Albert Einstein’s statement.
With the consolidation of the communist regime in Russia, the tendency to uproot Hebrew culture grew, the principle persecutors being the “Jewish Section” of the communist party(”Jewsektia”). Hebrew books and journals ceased to appear and their distribution was prevented ;an end was put to the teaching of Hebrew. Teachers and students who persisted in studying the language were pilloried and sentenced for “counter revolutionary” activities. A group of Hebrew writers, headed by Jacob Klatzkin, hoped that a protest by intellectuals who were not consider hostile to the Soviet regime, could impress the Russian authorities and influence them to put an end to these harsh measures.
Amongst the signatures of the protest, besides Albert Einstein, were the writers Selma Lagerlof, Thomas Mann, Stefan Zwieg, Franz Werfel and Arnold Zweig, the pianist Arthur Schnable, the painter Max Liebermann, and the French statesman Edouard Herriot.

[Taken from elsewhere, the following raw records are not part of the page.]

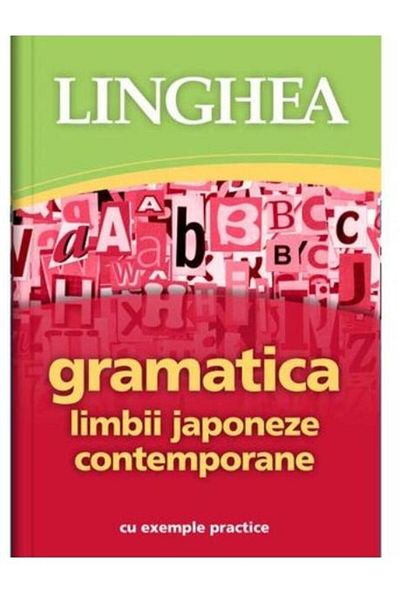 Editura Linghea Contemporary Japanese grammar with practical examples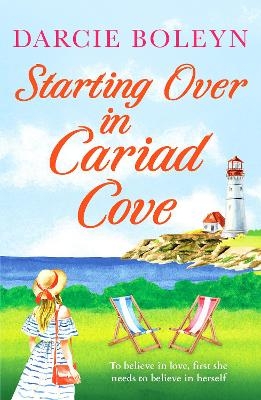 Starting Over in Cariad Cove - Darcie Boleyn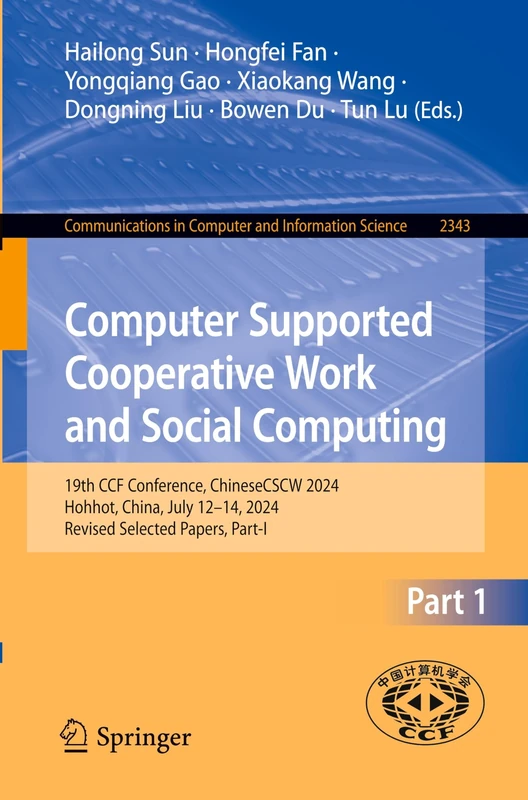 Computer Supported Cooperative Work and Social Computing: 19th CCF Conference, ChineseCSCW 2024, Hohhot, China, July 12–14, 2024, Revised Selected ... in Computer and Information Science, 2343)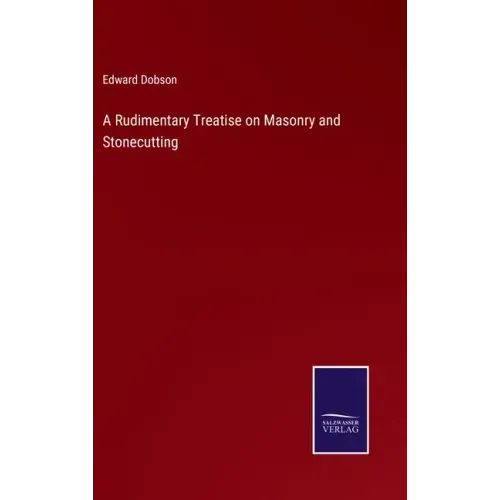 A Rudimentary Treatise on Masonry and Stonecutting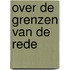 Over de grenzen van de rede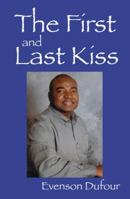 The First and Last Kiss: A Wonderful Friendship 1432764195 Book Cover
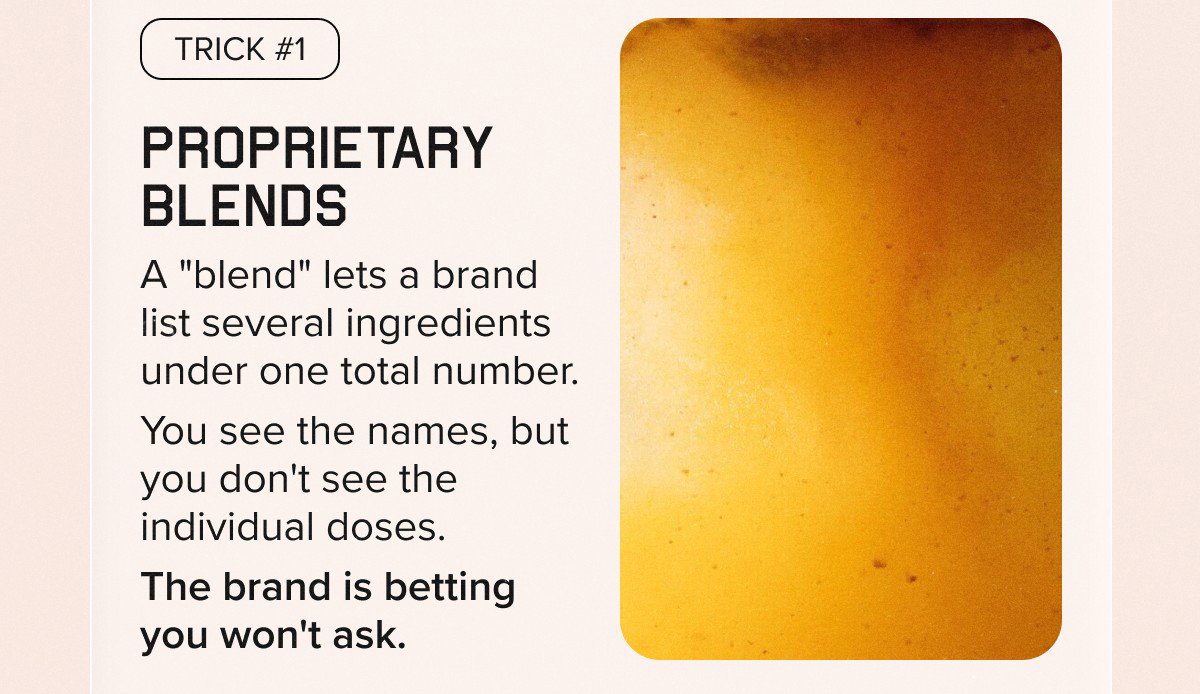 Trick #1 Proprietary Blends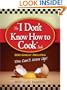 The I Don't Know How to Cook Book: 300 Great Recipes You Can't Mess Up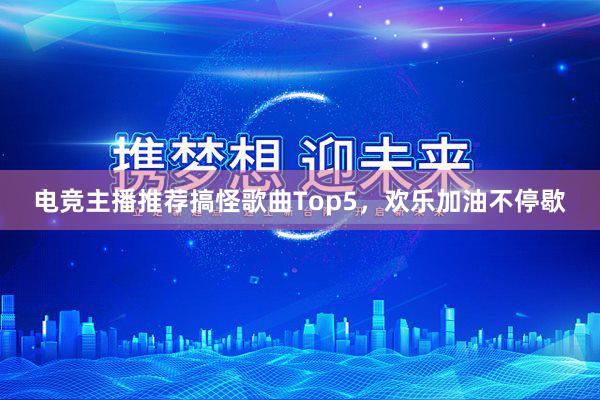 电竞主播推荐搞怪歌曲Top5，欢乐加油不停歇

"We, European intellectuals, friends and supporters of every means which could lead away from capitalist economic chaos and its catastrophes of bloody wars, desire by our signatures to make the Russian Government take note that, concerning the Hebrew language and its persecution, we can neither approve the stand of the “Jewish Section” nor understand why the Government should consider itself bound insolubly to this section of the communist party.
…The Jewish people cannot and will never renounce the revival of its great cultural legacy-one of the greatest languages- which has been given to Human Spirit imperishable values, and, further, continues to give them in the form of modern Hebrew poetry and philosophy."